Tanga prefers to build a "lunar ark" inside a lava tube because planetary scientists believe these lava tubes are similar to similar structures on Earth, albeit at lower temperatures, providing researchers and engineers with a basis for prediction and planning. As for cost and timeline, Tanga and Hagedorn's concept has yet to be finalized. But Tanga expects that once the design is complete, which could take years, it will be faster and cheaper to build and assemble than the International Space Station.
Still, the final cost of building a "lunar ark" could run into the billions of dollars. In this regard, some people believe that these funds may be better invested in more stable solutions on earth. Taking the Svalbard Global Seed Vault as an example, although the 2016 flood did not directly damage the samples, it exposed the shortcomings of its fail-safe protection capabilities. The architects admit that extreme climate conditions, such as melting permafrost, were not factored into the original design plans. But since then, millions of dollars have been invested in upgrading preventive measures.

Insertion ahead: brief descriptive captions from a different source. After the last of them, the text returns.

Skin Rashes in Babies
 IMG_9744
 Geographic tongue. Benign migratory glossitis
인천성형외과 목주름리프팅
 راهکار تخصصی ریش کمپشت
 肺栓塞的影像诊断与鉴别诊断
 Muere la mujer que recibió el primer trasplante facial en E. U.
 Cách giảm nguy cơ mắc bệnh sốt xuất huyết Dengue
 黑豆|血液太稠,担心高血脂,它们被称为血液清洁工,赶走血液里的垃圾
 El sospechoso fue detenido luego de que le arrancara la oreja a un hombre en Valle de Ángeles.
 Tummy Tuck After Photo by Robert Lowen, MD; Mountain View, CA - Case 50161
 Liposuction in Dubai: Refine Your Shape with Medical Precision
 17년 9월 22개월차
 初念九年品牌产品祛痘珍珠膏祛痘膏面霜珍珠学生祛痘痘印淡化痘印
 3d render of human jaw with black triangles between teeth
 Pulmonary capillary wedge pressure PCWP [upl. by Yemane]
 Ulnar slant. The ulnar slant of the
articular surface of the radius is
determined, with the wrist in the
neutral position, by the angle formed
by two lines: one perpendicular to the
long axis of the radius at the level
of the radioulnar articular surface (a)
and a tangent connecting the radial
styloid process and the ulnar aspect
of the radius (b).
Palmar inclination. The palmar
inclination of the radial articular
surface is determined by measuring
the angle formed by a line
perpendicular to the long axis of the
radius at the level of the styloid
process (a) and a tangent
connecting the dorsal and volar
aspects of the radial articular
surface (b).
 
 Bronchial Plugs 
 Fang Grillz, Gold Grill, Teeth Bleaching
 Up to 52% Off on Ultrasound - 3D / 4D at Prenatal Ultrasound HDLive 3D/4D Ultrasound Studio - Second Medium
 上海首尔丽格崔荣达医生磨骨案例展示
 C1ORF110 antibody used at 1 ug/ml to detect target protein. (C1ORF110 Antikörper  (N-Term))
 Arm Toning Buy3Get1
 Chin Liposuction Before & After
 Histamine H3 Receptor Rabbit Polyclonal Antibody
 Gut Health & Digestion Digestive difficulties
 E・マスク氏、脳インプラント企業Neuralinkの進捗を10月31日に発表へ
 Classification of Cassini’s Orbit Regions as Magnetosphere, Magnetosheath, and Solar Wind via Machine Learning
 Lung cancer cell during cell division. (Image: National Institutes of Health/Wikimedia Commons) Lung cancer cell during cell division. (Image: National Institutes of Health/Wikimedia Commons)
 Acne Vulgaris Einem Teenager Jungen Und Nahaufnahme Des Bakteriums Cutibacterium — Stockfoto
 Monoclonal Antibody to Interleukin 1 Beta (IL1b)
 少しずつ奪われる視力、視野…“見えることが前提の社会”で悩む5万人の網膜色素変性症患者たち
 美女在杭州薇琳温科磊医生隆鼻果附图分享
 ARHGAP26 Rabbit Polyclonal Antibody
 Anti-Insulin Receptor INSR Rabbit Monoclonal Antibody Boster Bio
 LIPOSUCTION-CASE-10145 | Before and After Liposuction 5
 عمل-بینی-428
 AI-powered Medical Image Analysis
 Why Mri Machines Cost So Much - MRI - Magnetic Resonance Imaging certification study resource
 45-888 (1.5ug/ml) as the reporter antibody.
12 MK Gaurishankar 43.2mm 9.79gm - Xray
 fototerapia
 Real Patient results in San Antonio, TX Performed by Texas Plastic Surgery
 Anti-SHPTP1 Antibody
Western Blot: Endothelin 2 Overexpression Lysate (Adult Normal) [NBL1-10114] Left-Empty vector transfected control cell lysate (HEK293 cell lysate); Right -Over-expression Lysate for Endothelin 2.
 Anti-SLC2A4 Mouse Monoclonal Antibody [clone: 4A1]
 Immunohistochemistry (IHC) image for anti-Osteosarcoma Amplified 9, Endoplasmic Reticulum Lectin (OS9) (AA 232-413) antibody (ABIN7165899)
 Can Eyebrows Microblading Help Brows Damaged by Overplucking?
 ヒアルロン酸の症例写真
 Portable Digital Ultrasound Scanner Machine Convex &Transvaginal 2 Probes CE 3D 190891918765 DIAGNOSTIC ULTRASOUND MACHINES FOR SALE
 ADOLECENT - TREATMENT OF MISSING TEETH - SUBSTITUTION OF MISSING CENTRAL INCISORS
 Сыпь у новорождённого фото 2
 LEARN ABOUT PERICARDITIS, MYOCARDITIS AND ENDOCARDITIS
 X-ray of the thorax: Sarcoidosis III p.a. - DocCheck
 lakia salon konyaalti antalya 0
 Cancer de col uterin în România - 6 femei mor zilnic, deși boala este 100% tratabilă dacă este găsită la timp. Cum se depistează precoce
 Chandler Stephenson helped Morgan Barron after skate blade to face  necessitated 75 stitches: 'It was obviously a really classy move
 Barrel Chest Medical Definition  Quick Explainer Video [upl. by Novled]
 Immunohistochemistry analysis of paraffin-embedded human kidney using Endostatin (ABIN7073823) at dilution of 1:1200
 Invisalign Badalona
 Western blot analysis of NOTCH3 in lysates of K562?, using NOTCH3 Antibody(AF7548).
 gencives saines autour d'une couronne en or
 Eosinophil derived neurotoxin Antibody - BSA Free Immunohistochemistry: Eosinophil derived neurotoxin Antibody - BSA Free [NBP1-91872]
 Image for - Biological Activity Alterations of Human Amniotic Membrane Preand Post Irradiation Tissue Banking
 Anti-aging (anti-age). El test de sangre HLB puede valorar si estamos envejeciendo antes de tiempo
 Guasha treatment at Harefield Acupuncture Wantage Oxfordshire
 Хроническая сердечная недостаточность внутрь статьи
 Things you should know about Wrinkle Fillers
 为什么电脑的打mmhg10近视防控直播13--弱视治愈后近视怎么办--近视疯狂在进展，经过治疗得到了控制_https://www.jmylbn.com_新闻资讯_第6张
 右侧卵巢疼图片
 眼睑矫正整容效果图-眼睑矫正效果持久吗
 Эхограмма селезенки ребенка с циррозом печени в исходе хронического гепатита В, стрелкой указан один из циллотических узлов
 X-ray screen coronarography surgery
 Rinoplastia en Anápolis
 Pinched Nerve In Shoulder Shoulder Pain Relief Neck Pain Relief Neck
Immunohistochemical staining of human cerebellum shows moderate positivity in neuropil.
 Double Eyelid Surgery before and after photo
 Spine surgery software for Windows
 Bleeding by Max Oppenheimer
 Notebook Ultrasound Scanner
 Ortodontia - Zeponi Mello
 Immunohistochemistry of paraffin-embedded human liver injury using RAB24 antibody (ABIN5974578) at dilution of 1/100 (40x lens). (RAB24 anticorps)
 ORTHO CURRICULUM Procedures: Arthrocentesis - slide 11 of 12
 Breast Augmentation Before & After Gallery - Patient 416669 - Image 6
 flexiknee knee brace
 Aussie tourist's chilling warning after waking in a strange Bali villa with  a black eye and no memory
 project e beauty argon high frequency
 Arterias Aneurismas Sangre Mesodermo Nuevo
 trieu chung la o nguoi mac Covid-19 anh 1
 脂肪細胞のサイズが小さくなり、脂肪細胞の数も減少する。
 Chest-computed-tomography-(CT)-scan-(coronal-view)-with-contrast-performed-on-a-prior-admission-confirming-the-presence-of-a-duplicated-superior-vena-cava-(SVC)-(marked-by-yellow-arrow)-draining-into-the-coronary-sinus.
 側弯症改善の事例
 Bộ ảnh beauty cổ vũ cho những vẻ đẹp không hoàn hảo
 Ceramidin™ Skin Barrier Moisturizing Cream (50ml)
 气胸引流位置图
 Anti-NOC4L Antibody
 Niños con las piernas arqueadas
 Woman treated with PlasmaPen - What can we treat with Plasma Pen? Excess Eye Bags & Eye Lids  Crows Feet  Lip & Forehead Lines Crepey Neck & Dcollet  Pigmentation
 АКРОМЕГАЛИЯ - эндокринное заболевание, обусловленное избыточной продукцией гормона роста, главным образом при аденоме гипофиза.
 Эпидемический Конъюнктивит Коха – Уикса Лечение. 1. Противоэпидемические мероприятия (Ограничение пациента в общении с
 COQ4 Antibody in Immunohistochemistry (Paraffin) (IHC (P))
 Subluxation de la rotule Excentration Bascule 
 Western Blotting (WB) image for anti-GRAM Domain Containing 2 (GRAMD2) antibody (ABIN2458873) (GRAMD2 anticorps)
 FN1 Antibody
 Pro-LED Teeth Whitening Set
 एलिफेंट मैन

In 2019, the walls of the seed vault entrance tunnel were waterproofed, potential heat sources were removed, and drainage ditches were dug to prevent water seepage. A CropTrust spokesman said the facility was "very secure". It is conveniently located and equipped with a modern cooling system capable of maintaining ideal storage conditions of minus 18 degrees Celsius. The seed library supports high-frequency access operations and is closely monitored to ensure security.
The spokesperson further pointed out that the threat of climate change to global crop diversity and food security far outweighs its direct risk to the Svalbard Global Seed Vault.
Stefan Schmitz, executive director of the Crop Trust, said of the lunar biorepository proposal that the idea highlights the urgency of protecting and utilizing Earth's crop diversity. He pointed out: "The systems we have established today, the lessons learned, and the seeds of protection are all valuable resources for human exploration of the moon and other planets. Now, collaboration, cooperation, and conservation efforts on Earth ensure that humans can reach the moon and even beyond."
For Tanga and Hagedorn, however, relying on existing systems is no longer enough to deal with the risks of massive destruction posed by potential disasters such as climate change and nuclear war. They believe that the importance of the "Moon Ark" as a safe storage method for "backup copies" of life on earth is self-evident. Although there are differences between active and passive temperature control, the core goal of both is to build a "lunar ark" to protect the diversity of life. Tanga discussed this shared vision with the Smithsonian team via video conference last year.
Faced with doubts about the high cost and feasibility of the plan, both Hagedorn and Tanga remained optimistic and firmly believed that as long as the government provided clear support, the concept of "Moon Ark" would become a reality. Hagedorn cited the U.S. president's moon landing commitment in the 1960s as an example, emphasizing that the power of scientific and technological progress is sufficient to meet the challenges faced by the current plan.